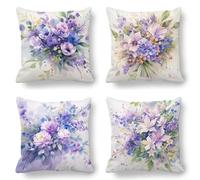 Purple Cushion Covers, Large Cushions 75x75 cm Set of 4, Soft Wrinkle-Free Velvet Flowers Cushion Covers for Sofa Garden Outdoor Cushions Decorative Pillows, Cooling Pillow Cases for Summer Fall K-834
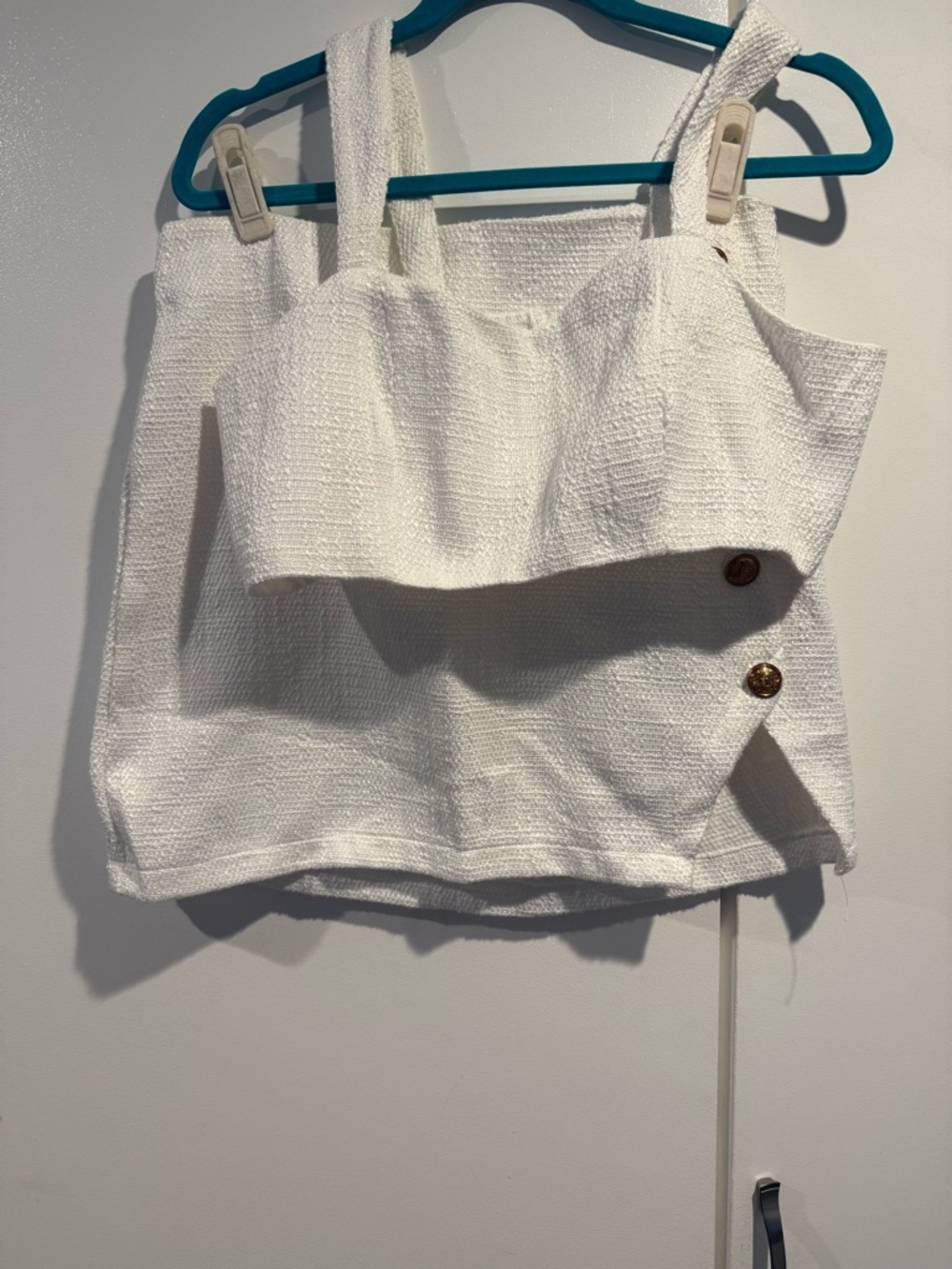 White Textured Button Detail Crop Top and skirt set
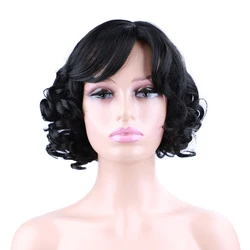 Short Curly Synthetic Wigs Afro Curly Hair Synthetic Curly Rubber Part Wigs for Women Black Curly Synthetic Middle Part Hair Wig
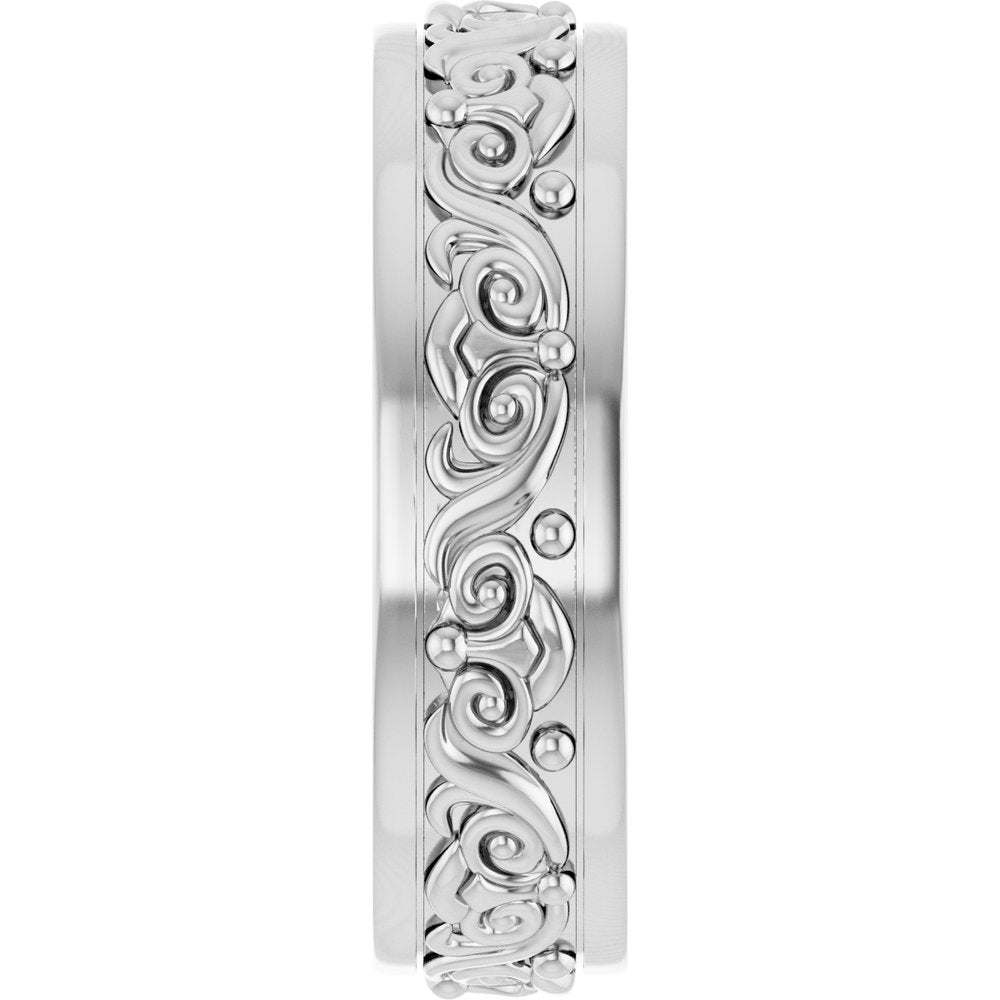 Continuum Sterling Silver 6.2 mm Sculptural Flat Band Size 9.5
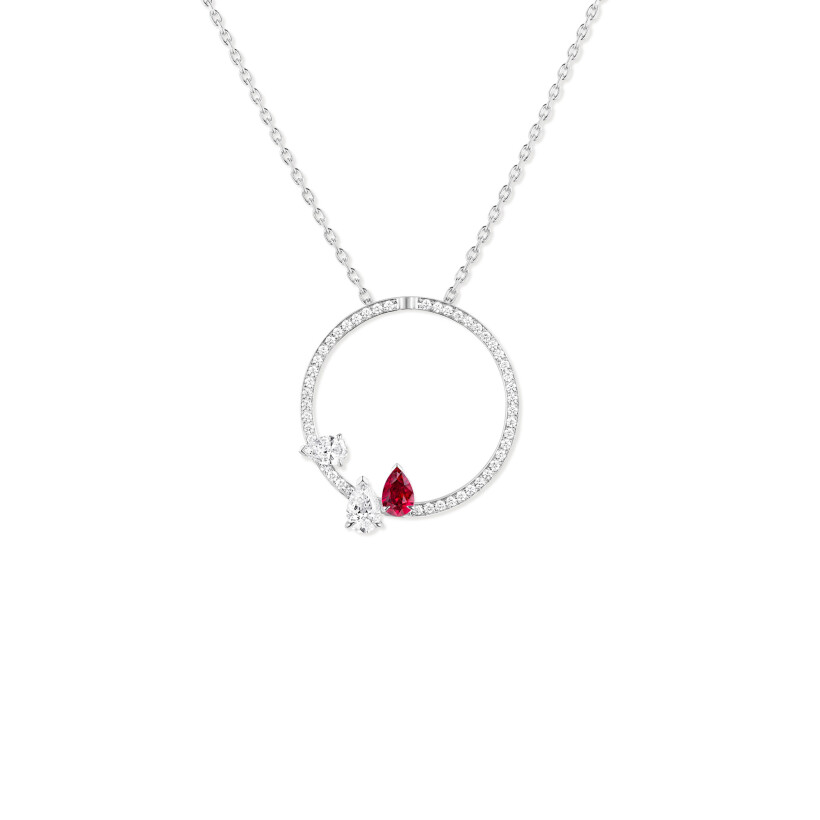 Repossi Serti Sur Vide necklace, white gold, diamonds, ruby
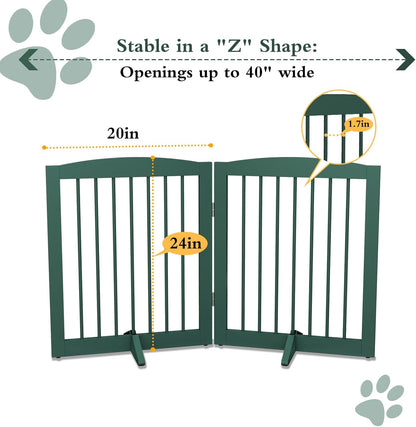 Freestanding Pet Gate for Dogs, Foldable Wooden Dog Gate for House, Stairs, Doorways, Step Over Pet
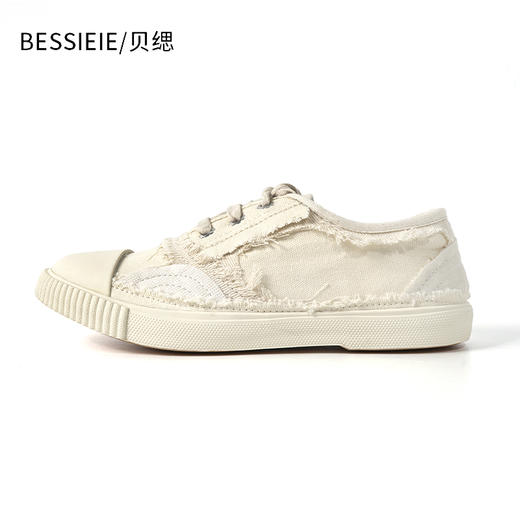 BESSIEIE休闲补丁帆布鞋时尚低帮小白鞋 商品图0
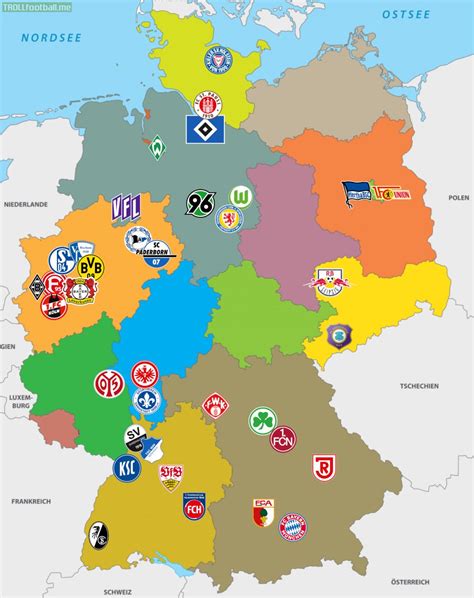 Sofascore football livescore is available as iphone and ipad app, android app on google play and windows phone app. I made a map with all the teams from the 1st and 2nd Bundesliga for the 20/21 season | Troll ...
________
_WHAT IS BEING ASKED_
Pictures aside, reproduce all of the material above without alteration.

_RESPONSE TO THIS EXERCISE_
 Purple Cushion Covers, Large Cushions 75x75 cm Set of 4, Soft Wrinkle-Free Velvet Flowers Cushion Covers for Sofa Garden Outdoor Cushions Decorative Pillows, Cooling Pillow Cases for Summer Fall K-834
 White Textured Button Detail Crop Top and skirt set
 Short Curly Synthetic Wigs Afro Curly Hair Synthetic Curly Rubber Part Wigs for Women Black Curly Synthetic Middle Part Hair Wig
 Continuum Sterling Silver 6.2 mm Sculptural Flat Band Size 9.5
 Repossi Serti Sur Vide necklace, white gold, diamonds, ruby
 Freestanding Pet Gate for Dogs, Foldable Wooden Dog Gate for House, Stairs, Doorways, Step Over Pet
 BESSIEIE休闲补丁帆布鞋时尚低帮小白鞋 商品图0
 Sofascore football livescore is available as iphone and ipad app, android app on google play and windows phone app. I made a map with all the teams from the 1st and 2nd Bundesliga for the 20/21 season | Troll ...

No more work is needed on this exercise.